Semiologic, electroencephalographic and electrocardiographic correlates of seizure-like manifestations caused by cardiac asystole.
Cuvinte cheie
Abstract
OBJECTIVE
Cardiac asystole is known to cause clinical manifestations mimicking seizures. The recognition of this uncommon phenomenon is important to expedite appropriate clinical intervention and avoid unnecessary morbidity as well as potential mortality.
METHODS
We retrospectively reviewed video-electroencephalographic (EEG) records from January 2008 to December 2013 for relevant cases.
RESULTS
We identified four patients who experienced nine events of asystole accompanied by seizure-like activity captured on video-EEG. None had evidence of epilepsy on video-EEG. Semiological features of captured clinical events included aura, automatisms, generalized tonic activity and focal as well as generalized myoclonus. No patient had generalized tonic-clonic seizures. A peculiar rapid breathing pattern was seen preceding the onset of asystole.
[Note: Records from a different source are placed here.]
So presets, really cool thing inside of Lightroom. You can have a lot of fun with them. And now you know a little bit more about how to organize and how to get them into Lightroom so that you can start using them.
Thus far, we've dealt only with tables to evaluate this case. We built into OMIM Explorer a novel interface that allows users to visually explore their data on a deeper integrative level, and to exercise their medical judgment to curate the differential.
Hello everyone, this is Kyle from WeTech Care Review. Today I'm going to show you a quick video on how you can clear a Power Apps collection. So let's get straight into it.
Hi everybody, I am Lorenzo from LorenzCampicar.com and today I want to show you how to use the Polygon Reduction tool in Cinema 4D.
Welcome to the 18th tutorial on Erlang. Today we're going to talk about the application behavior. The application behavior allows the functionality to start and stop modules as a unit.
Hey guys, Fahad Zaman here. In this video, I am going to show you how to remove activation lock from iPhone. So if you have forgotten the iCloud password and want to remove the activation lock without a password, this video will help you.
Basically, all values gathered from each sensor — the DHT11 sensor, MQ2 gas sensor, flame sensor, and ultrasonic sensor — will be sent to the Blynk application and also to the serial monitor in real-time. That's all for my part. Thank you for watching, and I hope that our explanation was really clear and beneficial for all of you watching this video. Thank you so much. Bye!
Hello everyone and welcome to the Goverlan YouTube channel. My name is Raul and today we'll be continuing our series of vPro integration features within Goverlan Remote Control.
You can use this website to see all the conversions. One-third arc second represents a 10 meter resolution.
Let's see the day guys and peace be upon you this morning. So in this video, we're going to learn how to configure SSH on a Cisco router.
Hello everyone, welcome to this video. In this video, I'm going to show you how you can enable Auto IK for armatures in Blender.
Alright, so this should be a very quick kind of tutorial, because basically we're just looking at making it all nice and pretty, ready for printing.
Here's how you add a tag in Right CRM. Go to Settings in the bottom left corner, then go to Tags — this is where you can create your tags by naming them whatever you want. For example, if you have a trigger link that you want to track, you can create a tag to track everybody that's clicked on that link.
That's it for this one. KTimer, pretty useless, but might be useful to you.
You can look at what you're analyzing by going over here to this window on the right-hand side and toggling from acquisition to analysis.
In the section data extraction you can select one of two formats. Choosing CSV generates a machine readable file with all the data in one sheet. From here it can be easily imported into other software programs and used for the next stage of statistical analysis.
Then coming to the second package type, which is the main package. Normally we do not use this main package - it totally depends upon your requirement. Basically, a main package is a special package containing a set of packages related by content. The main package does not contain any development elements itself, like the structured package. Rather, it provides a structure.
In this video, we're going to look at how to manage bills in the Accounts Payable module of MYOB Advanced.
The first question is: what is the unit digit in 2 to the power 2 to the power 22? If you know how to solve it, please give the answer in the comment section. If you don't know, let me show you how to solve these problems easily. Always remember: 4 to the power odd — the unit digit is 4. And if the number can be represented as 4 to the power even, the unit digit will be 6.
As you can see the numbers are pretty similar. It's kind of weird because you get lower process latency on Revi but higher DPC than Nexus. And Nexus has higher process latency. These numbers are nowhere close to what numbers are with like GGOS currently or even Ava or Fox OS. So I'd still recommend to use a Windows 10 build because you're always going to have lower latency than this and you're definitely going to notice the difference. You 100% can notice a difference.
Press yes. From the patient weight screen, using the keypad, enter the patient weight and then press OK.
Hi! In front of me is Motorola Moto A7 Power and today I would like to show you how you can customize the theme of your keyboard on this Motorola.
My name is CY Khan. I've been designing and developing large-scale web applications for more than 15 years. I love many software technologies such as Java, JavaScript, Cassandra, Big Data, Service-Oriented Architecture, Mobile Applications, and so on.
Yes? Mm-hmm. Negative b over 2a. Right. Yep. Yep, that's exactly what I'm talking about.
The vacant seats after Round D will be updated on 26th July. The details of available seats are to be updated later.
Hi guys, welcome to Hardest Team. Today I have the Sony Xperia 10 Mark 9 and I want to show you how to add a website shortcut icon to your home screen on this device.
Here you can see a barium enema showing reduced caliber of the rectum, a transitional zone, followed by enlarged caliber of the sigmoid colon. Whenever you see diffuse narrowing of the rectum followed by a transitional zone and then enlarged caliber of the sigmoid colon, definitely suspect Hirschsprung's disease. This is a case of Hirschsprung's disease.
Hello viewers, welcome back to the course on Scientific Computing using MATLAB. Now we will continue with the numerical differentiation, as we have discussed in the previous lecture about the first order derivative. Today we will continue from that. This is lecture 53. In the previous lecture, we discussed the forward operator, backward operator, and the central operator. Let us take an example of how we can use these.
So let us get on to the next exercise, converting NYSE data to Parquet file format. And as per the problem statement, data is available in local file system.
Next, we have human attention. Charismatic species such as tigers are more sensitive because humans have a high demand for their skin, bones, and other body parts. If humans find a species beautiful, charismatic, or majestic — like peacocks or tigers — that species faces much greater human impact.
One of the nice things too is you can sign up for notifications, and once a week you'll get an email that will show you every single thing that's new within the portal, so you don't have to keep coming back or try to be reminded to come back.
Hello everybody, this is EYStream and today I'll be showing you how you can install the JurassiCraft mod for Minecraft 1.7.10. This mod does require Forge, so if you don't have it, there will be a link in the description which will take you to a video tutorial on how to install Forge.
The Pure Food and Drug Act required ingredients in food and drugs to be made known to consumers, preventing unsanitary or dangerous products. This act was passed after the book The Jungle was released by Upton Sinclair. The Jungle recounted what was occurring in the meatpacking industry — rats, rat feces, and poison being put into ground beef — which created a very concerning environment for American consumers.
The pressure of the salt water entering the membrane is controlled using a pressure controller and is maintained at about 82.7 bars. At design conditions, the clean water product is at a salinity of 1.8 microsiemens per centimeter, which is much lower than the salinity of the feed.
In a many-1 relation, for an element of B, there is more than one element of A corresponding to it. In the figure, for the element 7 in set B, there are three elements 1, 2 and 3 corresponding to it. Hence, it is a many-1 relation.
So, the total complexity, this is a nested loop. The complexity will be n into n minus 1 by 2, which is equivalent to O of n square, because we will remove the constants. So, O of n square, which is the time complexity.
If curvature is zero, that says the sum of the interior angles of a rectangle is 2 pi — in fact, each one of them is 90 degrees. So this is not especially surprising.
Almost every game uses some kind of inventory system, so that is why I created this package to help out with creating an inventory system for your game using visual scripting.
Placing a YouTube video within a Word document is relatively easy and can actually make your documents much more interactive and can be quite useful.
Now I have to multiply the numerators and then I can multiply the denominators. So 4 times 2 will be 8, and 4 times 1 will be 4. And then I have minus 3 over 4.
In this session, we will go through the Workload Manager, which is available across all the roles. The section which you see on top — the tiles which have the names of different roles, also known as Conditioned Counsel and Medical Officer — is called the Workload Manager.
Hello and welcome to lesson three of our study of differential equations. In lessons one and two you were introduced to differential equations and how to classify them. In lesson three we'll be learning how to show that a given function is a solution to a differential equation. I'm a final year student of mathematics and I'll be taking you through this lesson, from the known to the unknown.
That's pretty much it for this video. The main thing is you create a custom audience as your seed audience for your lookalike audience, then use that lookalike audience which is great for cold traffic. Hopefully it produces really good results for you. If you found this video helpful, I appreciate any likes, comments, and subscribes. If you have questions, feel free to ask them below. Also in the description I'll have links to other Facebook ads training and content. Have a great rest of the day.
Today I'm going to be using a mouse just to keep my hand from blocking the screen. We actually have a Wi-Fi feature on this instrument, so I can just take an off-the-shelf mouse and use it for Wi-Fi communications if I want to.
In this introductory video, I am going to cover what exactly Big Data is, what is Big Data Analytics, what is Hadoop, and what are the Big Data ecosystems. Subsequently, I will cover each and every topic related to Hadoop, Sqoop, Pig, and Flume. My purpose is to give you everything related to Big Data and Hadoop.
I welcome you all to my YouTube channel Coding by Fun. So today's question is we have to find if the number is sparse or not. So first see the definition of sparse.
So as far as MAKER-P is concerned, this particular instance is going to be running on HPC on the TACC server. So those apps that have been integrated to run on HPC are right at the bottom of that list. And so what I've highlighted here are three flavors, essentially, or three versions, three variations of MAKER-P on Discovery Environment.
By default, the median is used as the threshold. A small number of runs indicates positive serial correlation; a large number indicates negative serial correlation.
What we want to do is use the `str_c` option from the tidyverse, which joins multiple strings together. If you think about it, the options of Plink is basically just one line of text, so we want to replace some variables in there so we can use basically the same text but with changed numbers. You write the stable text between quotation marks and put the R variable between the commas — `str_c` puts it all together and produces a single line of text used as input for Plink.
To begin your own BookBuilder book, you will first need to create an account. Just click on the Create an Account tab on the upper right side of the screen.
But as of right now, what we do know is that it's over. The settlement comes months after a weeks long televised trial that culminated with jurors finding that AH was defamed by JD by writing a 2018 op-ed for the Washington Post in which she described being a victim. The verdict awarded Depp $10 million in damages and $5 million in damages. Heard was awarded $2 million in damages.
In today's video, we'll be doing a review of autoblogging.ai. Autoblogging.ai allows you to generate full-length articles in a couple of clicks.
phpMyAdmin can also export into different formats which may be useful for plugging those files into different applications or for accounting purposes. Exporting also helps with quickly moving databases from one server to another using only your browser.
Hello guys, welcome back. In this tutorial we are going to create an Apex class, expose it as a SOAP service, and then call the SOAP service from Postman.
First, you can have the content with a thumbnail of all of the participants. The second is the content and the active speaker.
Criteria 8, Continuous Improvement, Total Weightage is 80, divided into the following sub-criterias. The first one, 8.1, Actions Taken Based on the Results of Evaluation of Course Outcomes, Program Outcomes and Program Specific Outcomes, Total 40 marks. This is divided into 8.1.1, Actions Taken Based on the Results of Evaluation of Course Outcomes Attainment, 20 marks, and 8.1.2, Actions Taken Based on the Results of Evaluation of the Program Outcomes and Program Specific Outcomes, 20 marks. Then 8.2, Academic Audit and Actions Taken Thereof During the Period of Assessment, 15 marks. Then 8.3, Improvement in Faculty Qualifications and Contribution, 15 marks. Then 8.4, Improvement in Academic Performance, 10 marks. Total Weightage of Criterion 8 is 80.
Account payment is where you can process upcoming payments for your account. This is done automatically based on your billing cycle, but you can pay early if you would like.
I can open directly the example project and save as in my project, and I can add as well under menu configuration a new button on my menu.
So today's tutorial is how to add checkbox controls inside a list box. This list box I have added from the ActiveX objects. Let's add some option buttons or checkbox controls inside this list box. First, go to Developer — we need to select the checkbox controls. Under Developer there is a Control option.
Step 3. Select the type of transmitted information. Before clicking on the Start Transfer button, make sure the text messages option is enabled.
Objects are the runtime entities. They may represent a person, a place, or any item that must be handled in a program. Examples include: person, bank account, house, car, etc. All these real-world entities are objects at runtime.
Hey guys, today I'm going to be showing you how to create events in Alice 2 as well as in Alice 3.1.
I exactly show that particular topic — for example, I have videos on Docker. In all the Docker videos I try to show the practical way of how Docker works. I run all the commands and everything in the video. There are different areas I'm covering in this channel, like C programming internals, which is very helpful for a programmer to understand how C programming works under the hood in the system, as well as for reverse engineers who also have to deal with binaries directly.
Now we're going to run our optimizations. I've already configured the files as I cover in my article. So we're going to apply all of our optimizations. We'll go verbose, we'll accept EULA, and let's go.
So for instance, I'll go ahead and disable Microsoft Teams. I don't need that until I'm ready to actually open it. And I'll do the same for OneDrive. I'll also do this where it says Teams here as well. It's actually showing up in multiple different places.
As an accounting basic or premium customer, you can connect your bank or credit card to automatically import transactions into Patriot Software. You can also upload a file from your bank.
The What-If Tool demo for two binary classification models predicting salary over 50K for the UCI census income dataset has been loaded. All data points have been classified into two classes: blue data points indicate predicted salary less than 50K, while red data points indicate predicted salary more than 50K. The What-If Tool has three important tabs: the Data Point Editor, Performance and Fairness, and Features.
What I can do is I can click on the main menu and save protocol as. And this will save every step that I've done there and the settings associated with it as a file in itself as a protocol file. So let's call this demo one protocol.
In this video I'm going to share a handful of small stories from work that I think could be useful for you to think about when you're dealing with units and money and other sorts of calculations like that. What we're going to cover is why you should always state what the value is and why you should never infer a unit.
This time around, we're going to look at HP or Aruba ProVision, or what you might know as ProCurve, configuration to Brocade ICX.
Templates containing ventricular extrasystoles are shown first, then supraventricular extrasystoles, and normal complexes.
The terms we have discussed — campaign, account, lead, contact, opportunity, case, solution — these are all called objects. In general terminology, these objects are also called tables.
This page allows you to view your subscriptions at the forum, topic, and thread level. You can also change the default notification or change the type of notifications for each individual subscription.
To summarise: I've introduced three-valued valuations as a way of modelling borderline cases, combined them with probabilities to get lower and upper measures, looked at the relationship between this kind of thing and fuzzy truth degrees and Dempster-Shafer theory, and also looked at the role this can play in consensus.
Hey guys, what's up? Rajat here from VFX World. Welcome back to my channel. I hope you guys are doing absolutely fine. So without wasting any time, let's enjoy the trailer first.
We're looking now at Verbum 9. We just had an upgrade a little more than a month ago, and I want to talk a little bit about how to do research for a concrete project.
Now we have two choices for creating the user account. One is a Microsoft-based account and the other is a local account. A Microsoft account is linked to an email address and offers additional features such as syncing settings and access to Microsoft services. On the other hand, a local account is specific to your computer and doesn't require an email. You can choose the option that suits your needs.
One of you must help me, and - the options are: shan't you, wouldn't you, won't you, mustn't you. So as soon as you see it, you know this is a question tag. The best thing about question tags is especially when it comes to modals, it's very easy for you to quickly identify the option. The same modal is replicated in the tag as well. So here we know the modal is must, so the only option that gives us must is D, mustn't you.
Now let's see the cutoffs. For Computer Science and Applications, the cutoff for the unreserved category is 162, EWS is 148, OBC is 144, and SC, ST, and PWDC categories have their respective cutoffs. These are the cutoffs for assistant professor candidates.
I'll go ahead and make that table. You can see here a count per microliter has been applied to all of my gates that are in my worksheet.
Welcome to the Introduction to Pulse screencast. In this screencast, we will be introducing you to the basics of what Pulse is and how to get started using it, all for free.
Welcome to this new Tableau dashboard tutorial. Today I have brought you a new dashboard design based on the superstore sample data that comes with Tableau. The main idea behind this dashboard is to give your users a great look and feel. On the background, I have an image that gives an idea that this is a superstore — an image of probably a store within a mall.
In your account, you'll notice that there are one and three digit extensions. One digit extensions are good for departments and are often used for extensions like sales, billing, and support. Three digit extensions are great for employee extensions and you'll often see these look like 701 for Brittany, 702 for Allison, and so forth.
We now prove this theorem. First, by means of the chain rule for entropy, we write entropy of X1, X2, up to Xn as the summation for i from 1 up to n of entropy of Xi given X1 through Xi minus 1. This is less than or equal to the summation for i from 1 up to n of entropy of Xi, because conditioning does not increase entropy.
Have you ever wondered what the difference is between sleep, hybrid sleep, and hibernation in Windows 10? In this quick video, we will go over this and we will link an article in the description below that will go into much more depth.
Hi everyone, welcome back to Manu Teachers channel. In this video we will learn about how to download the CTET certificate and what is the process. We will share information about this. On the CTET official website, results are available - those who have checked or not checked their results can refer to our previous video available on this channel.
General pallor was observed during asystole, followed by flushing on recovery. Seizure-like semiology was observed in three stages; pre-asystole, during asystole and after resumption of cardiac rhythm. The EEG demonstrated generalized slowing followed by generalized suppression during asystole and generalized slowing again on resumption of sinus rhythm ("slow-flat-slow" pattern). All patients had dual-chamber pacemakers implanted. On follow-up, they have remained symptom-free without antiepileptic medications.
CONCLUSIONS
Cardiac asystole can be associated with features closely mimicking seizures. Recurrent episodes of cardiac asystole can be stereotypical in a given patient. There are some diagnostic clues in semiology.